Following are excepts from the July 15 meeting with CHP Commander Bruce Carpenter and community leaders from Plumas County:
“We honestly believe that we are here to provide a service. And being out there 24 hours a day, we provide the service that we are paid to provide.
“And along with the service part of it, of course, comes the enforcement side of things, which we consider a service to the community as well. … Because, in our minds, we are saving lives.
“We can’t really apologize for taking drunk drivers off the road. We are mandated to do that.
“When new officers come here, I think they understand, but it’s still my job to explain to them: This isn’t South LA. And there is a different way of doing things.
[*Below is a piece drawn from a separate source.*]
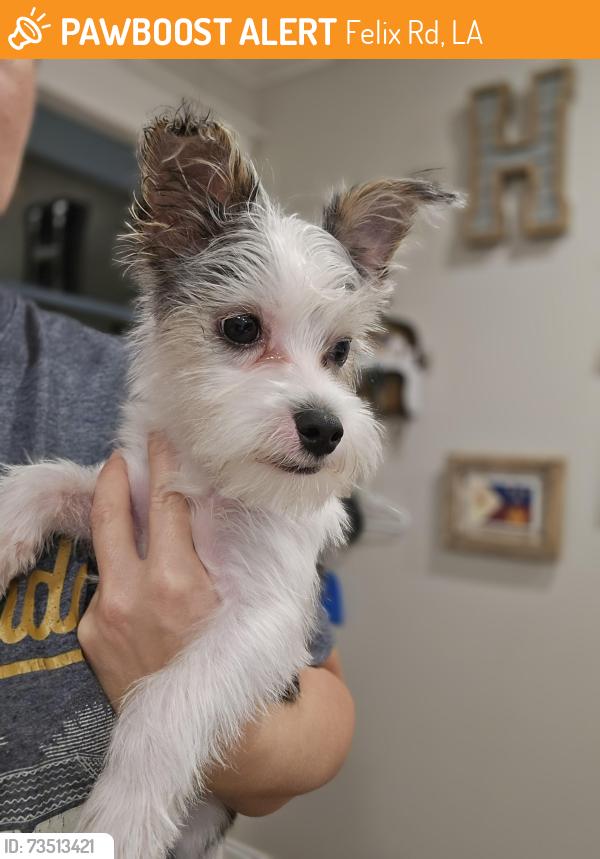 Found/Stray Male Dog last seen Saw Mill Hwy., Felix Rd, LA 70501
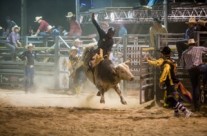 Woodstock country muster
And I think we do our best to tell our people that. And to treat people with respect and courtesy.
“Our people are trained a certain way. And that’s everywhere — statewide. And maybe that, at times, will put people off. Our people are trained to keep it short, sweet and to the point when they make contact with people.
“But there’s a reason for that. We don’t want our people out there on the side of the road arguing with people, getting into confrontations. But we also want them to be sensitive to the local population.
“Is there are learning curve? Absolutely.
“The guys are told: You act on what you see out there. And that’s it. There’s no (citation quota) numbers.
—Bruce Carpenter, CHP Commander
“That’s the problem. If you act on what you see, these officers with less than three years experience … they see everything. They pull over every (vehicle) mechanical (issue), whether it’s safety or not — especially if it’s by a bar. They are going to hammer those.
“In my office, we see as many stops for mechanical as we do for bad driving or DUIs. And maybe that’s OK. But are we seeing all these mechanicals in downtown Quincy? And if so, is that the right approach?”
—David Hollister, Plumas County District Attorney
“When I see 32 officers covering 30,000 people, and I go into downtown Sacramento on Broadway — and you’ve got some rough areas — I can tell you I would sure love to have half of those (CHP officers) down there instead of up here.
“Because this is not a crime-wave center up here. This is senior citizens.
“I get calls (complaining about our CHP) from Stockton, Yuba City and Redding from people driving through here. And it’s always the same area.
“It’s important to me that the people in this county feel safe, not from law enforcement, but because of law enforcement. That’s the only thing that I care about.
“If I had a business, and I was serving wine at my business … I’ve been told that there are restaurants thinking about closing because — they use the word oppression — this is an oppressed area by law enforcement. It has to change.”“Bruce, I want to commend you for sitting here and listening to this today. I know it hasn’t been easy.
“And I think everyone here at the table realizes that you just came here recently. We know that you are doing your best and you care about the community. I want you to know that we get that.”
—Dan Logue, State Assemblyman
“I do not want my staff going to work with the idea of ‘How many people can I arrest today? How many people can I cite today?’
“I want my staff going to work with the idea of ‘How many problems can I solve today?’
“I am not going to recognize, nor am I going to reward, those officers who write the most citations or make the most arrests.
“The whole reason we are in these communities is we are public servants and we are here to solve problems.
“I think the CHP comes into small communities at an automatic disadvantage.
“Citizens of Plumas County look at the sheriff’s department as their sheriff’s department. And I am their sheriff. They have a sense of ownership.
“The CHP, through no fault of their own, doesn’t enjoy that relationship with the citizens of this county. Because, as a state agency, you are not their CHP.”